Located at the Thriftique resale boutique in the city’s Lawrenceville neighborhood, the project is a partnership between the National Council of Jewish Women and the Allegheny County Department of Health and Human Services.

The boutique provides new and gently used contemporary gowns in all sizes, as well as accessories like shoes and jewelry to match. Each girl is assigned to a personal shopper when she arrives to help her find sizes and select styles.

Amela Sanders-Vincenty was paired with personal shopper Nicole Lee. She was shopping for Carrick High School’s prom, which is on May 24.

“I was nervous at first when I got here,” said Sanders-Vincenty. “Then I felt ‘I got this, it’s prom!'”

Eventually they settled on a gown with a black bodice and colorful skirt which happened to match Sanders-Vincenty colorful hairstyle.

Lee was only too happy to help.

“It’s very fulfilling to give back,” she said. “When they’re thankful that they found that gown or that dress and the smiles on their faces, it’s priceless.”

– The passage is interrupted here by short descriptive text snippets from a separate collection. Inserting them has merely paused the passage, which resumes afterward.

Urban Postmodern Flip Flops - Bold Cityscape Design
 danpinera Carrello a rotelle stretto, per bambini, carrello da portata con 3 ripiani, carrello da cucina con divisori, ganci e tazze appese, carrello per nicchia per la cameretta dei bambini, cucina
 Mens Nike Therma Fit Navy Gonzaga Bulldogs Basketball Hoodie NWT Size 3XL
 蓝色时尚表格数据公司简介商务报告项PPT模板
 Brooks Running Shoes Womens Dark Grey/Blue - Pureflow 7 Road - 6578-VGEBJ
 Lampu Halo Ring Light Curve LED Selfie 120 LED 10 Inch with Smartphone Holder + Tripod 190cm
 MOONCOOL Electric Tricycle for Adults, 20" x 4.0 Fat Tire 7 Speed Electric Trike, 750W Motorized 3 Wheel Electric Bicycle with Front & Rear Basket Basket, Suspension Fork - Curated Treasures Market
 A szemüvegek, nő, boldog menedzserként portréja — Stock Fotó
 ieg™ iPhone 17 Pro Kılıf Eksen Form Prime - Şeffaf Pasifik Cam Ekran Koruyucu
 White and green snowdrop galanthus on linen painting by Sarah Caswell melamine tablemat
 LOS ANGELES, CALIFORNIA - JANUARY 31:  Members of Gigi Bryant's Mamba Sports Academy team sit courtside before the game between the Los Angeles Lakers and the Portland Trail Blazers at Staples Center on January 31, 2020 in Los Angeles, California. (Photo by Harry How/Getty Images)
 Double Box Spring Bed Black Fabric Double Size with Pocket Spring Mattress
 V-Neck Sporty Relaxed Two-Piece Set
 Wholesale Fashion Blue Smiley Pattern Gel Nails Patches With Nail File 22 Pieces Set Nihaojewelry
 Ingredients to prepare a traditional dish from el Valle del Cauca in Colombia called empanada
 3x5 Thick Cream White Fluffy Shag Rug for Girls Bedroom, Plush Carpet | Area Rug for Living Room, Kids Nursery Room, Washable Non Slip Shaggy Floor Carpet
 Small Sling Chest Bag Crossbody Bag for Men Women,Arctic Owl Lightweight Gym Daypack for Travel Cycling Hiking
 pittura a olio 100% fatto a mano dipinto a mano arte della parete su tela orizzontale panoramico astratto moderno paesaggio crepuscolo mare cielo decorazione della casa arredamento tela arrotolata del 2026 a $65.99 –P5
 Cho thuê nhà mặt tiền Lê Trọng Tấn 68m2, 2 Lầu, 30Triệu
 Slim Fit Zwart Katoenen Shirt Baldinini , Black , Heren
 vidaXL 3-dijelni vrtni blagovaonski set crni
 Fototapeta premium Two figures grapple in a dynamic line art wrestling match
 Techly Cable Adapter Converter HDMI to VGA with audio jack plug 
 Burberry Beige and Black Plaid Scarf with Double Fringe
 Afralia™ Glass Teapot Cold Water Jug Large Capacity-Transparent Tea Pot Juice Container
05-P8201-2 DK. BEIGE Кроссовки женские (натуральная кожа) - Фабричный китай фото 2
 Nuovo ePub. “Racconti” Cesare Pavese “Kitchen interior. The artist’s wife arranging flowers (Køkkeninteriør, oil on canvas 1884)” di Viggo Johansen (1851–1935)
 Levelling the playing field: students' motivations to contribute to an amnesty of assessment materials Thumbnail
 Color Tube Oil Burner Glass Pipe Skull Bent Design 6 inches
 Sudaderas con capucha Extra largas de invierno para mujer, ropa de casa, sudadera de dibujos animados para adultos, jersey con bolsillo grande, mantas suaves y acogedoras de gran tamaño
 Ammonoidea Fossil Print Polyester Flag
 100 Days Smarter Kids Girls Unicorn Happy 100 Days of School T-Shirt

NCJW’s Lynnette Lederman, who is co-chair of this year’s Project Prom, says paying for prom is “a pretty expensive proposition for teens and parents who are struggling and don’t have many resources. This is a pretty special opportunity for them.”

Gabi Girton, a senior from Shaler, agrees. Girton said she thought she might not be able to go to Shaler’s prom when friends told her how much their gowns cost. She was even more concerned because both she and her younger sister needed outfits. Girton found her dream dress in a flowing red gown with a fitted bodice and rhinestone straps.

The Project Prom boutique is open to high school girls whose families receive services through the county or are on food stamps, food assistance, free or reduced-price lunches, unemployment, or where a parent is on active duty in the military or a veteran. Despite those suggested eligibility requirements, organizers say no girls are turned away, although shoppers should be prepared to show a high school ID.

Lederman says the volunteers get as much out of it as the young women they help.

“The biggest benefit to us is the smiles,” she said. “When they come out of the dressing room and stand on that platform, and they get to twirl around like they’re on [the cable TV show] ‘Say Yes to the Dress’ they feel very very special.”

Thriftique is located at 125 51st Street in Lawrenceville. There’s free on-site parking, and the facility is served by Port Authority bus routes 87, 91 or 93 to 51st/Stanton and Butler St.

The final day of shopping is Saturday, March 10 from 10 a.m. to 2 p.m.